Given that T-cells are a type of lymphocyte, higher ALCs are considered an indication of greater growth, or multiplication, of the delivered CAR T-cells.
“However,” the researchers wrote, “this has not been described in other disease entities treated with CAR-T therapy.”
To learn more, the team now analyzed ALCs from 156 people with relapsed or refractory multiple myeloma who received BCMA-directed CAR T-cell therapy between 2017 and 2023 at one of three New York centers. These were Weill Cornell Medicine, Columbia University Irving Medical Center, and Mount Sinai Hospital.
More than 4 in every 10 patients (42%) had myeloma tumors outside the bone marrow. A total of 91 patients were treated with Carvykti and followed for a median of 9.4 months, and 65 were given Abecma and followed by a median of 33.2 months, or more than 2.5 years.
ALCs were assessed five days before treatment and for the first 15 days of CAR T-cell therapy.
Study IDs 2 key predictors of progression-free survival in myeloma patients
Both therapies raised ALCs after six to seven days, but Carvykti-treated patients had significantly higher median ALCmax, higher ALC change, and a longer time to ALCmax than Abecma-treated patients.
Overall, 89% of patients responded to treatment, 65% achieved a complete response, or had no signs of cancer, and 46% became negative for minimal residual disease, or the small number of cancer cells that can remain after treatment and drive future disease relapse.
Those with higher ALCmax had a better depth of response, more prolonged progression-free survival, and a longer duration of response.
Having a post-treatment ALCmax greater than 1,000 cells per microliter (mcl) was significantly associated with longer PFS than having a lower ALCmax (30.5 vs. 6 months), reducing the risk of progression by 66%.

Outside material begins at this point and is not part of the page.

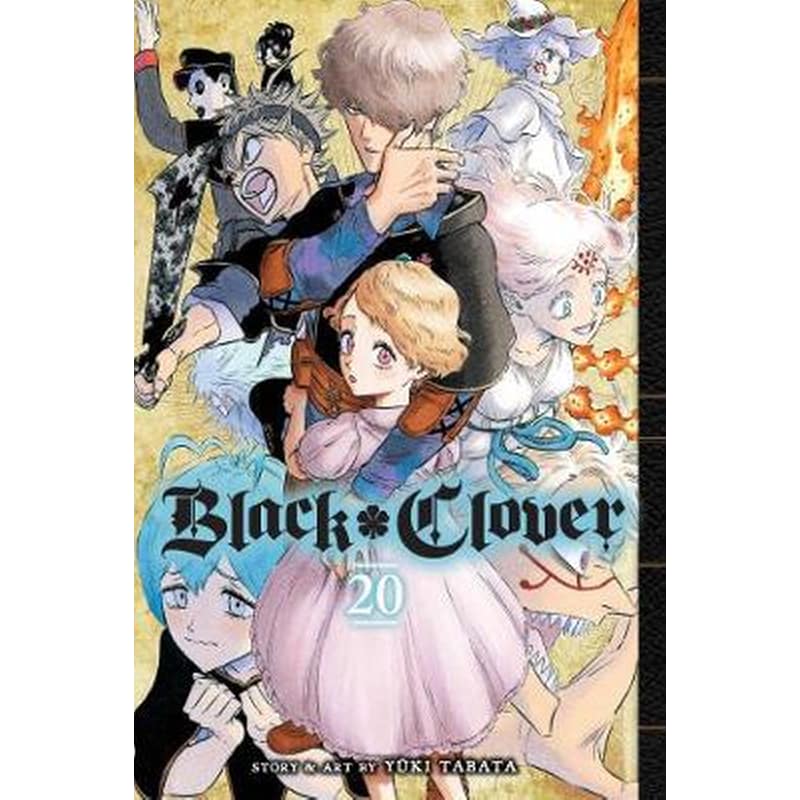 Black Clover, Vol. 20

Conversely, patients with an ALCmax below 500 cells/mcl represented a high-risk group, regardless of CAR T-cell product, showing shorter PFS (a median of 3.7 months).
The only independent predictors of longer PFS and response duration were an ALCmax greater than 1,000 cells/mcl and the presence of tumors outside the bone marrow but not adjacent to or around the bones.

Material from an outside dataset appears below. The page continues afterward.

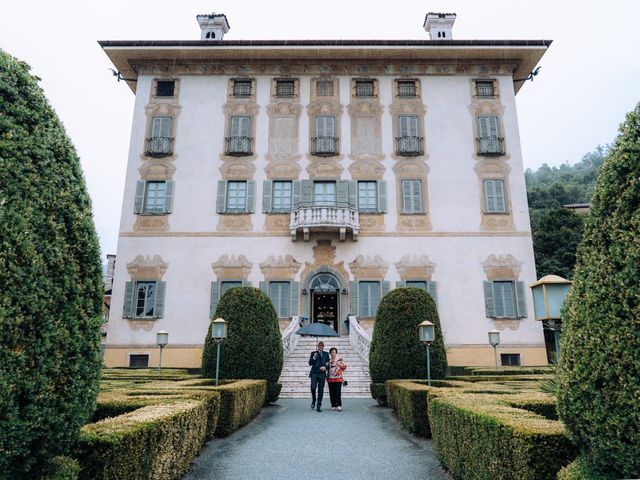 Il matrimonio di Marco e Marika a Trescore Balneario, Bergamo 22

We were able to confirm that high ALC [absolute lymphocyte count, or the number of a type of immune cell] is an independent predictive marker of disease progression after accounting for various factors like age, previous treatments and high-risk disease features.
This prediction analysis was adjusted for potential influencing factors, including age, cancer staging, CAR T-cell product, high-risk disease features, and the number of previous treatment lines.
Further analyses confirmed that higher ALCs were significantly associated with greater expansion of the delivered CAR T-cells, “suggesting that ALC is a good indicator for CAR-T expansion,” the team wrote.
Across both treatments, a higher ALCmax was significantly linked to cytokine release syndrome and immune effector cell-associated neurotoxicity syndrome, two common immune-related side effects of CAR T-cell therapy.
“We were able to confirm that high ALC is an independent predictive marker of disease progression after accounting for various factors like age, previous treatments and high-risk disease features,” said Mark Bustoros, MD, one of the study’s co-senior authors and an assistant professor of medicine at Weill Cornell Medicine.